In England & Wales this High Court precedent gave birth to the practice of people going to court by themselves, but helped by someone with better experience and knowledge – and avoiding the crippling costs of solicitors. The Judiciary have published a guide: Practice Guidance: McKenzie Friends (Civil and Family Courts). This describes the role, in the court room, as a prompter: taking notes, finding a particular document, or reminding a LiP of the points they wanted to make. An MF cannot speak to a judge or act as an advocate – unless a judge makes an exception, or unless the MF has special qualifications to do so, (or in Scotland, which has its own Lay-rules, if the MF is a Lay Representative). An English and Welsh McKenzie friend (MF) can negotiate on your behalf with the other side, outside the court room, in addition to giving help in-between hearings. However, he cannot directly or indirectly conduct litigation for you e.g. sign documents, contact the court office, or write to the other party. You can share confidential documents with an MF and it is allowable for an MF to charge a fee, (but not in Scotland, when the MF is working as a Lay Representative). A LiP must tell the court before a hearing if they want to use a McKenzie Friend and some courts will ask them for a CV or to fill-in a form.

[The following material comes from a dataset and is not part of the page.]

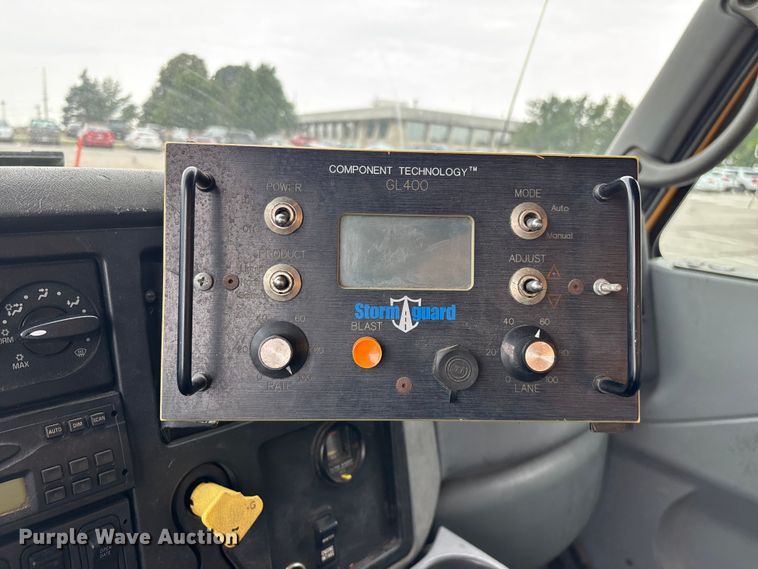 image for item FG0573 2006 International 7400 dump truck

Since its emergence, the MF role has expanded commercially with agents now offering help via pseudo MF-associations or clubs, and practitioners have increased their services in different courts. Cut-backs in the ‘Legal Aid Gravy-Train’ also cut 1/3rd off the UK’s £1.5bn-a-year Private Law, Child Arrangements Industry. As a result, even solicitors and paralegals can be found hawking McKenzie Friend advice. In recent years, the legal profession objected to the spread of MF use. However, a resulting Ministerial Review ended in 2019, without any recommendations, so it seems the role of the McKenzie Friend is set to remain.

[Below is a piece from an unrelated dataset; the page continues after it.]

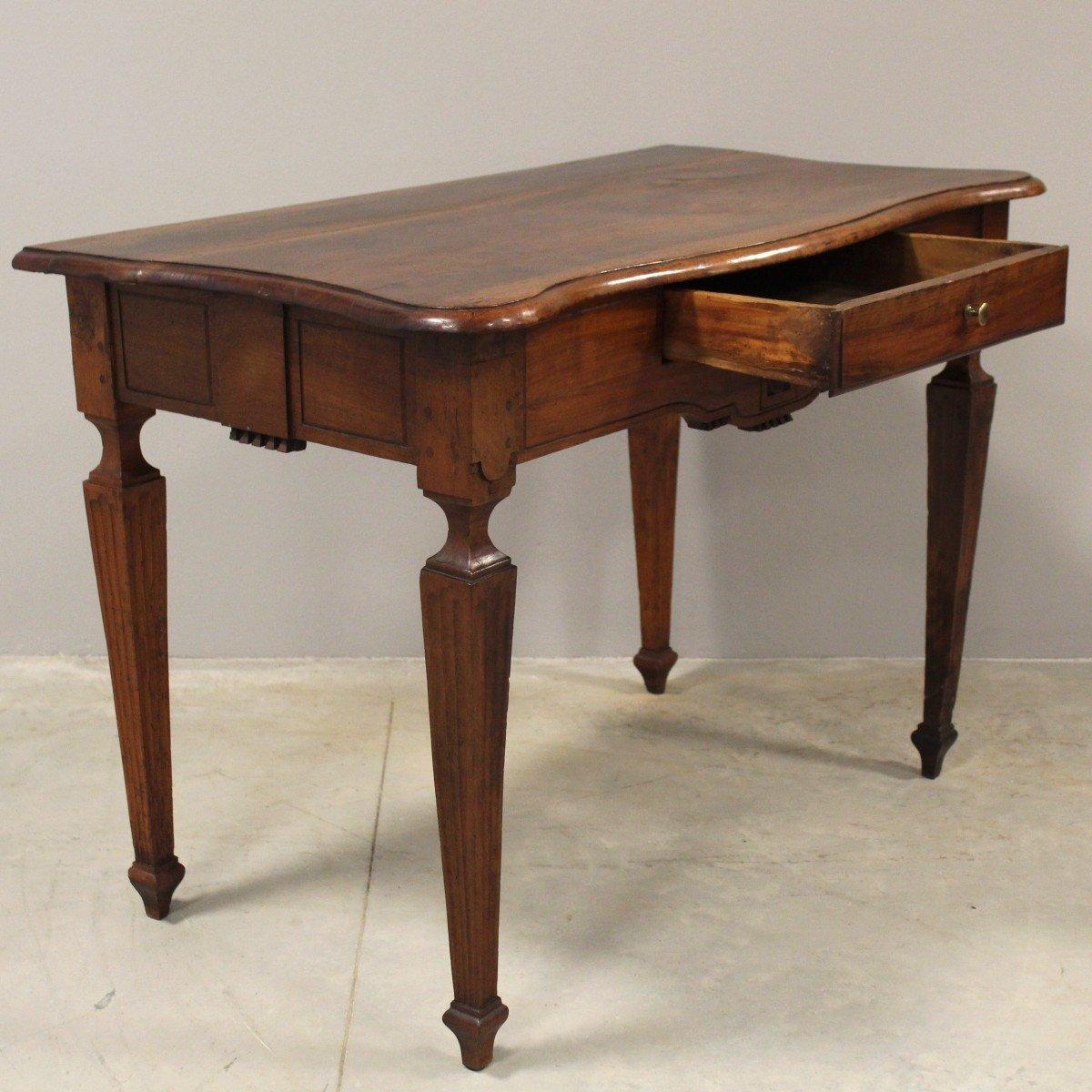 18th Century Italian Walnut Console Table with Serpentine Top and Carved Apron 7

A McKenzie Friend is usually not a professional; they do not need to pass exams, or have qualifications, nor are there any official associations or membership organisations. Most MF’s are part time, and come-and-go from this work. As a result, there is no reliable list of MFs. However, you can download our surveyed-list of practitioners below.
Apart from cost-savings, a main benefit of using an MF is to have on your side a legally-knowledgeable parent who personally empathizes with your situation and will, therefore, go that extra mile.
WARNING: Low cost or free services are not the same as getting legal advice, nor do they replace expert assistance in settling disputes about child arrangements following divorce or separation. Free telephone helplines are usually manned by volunteers who are not legal experts.
A general help-service by appointment. Advising is by volunteers, but taken from a bank of information prepared by experts. The information provided is only as good as your question, and you will be referred to other organizations (brokering) a lot of which will signpost you to yet more organizations.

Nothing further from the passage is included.